Aim of the task:
Start to finish, print the data below exactly, without the images.

Recorded information:
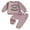 Purple, variant on Toddler Baby Girls Fall Outfits 6 12 18 24 Months 2T 3T 4T Letter Print Long Sleeve Sweatshirt and Elastic Pants Set Baby Cute 2 Piece Clothes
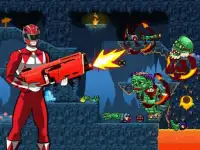 Idle Power Rangers Kill Zombies background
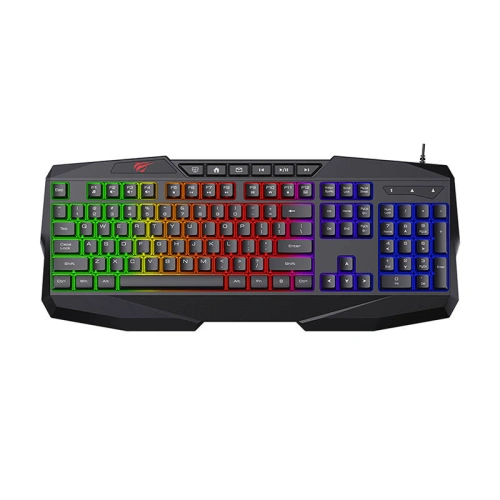 Mechaniczna klawiatura gamingowa Havit KB878L RGB (czarna)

Completed task:
 Purple, variant on Toddler Baby Girls Fall Outfits 6 12 18 24 Months 2T 3T 4T Letter Print Long Sleeve Sweatshirt and Elastic Pants Set Baby Cute 2 Piece Clothes
 Idle Power Rangers Kill Zombies background
 Mechaniczna klawiatura gamingowa Havit KB878L RGB (czarna)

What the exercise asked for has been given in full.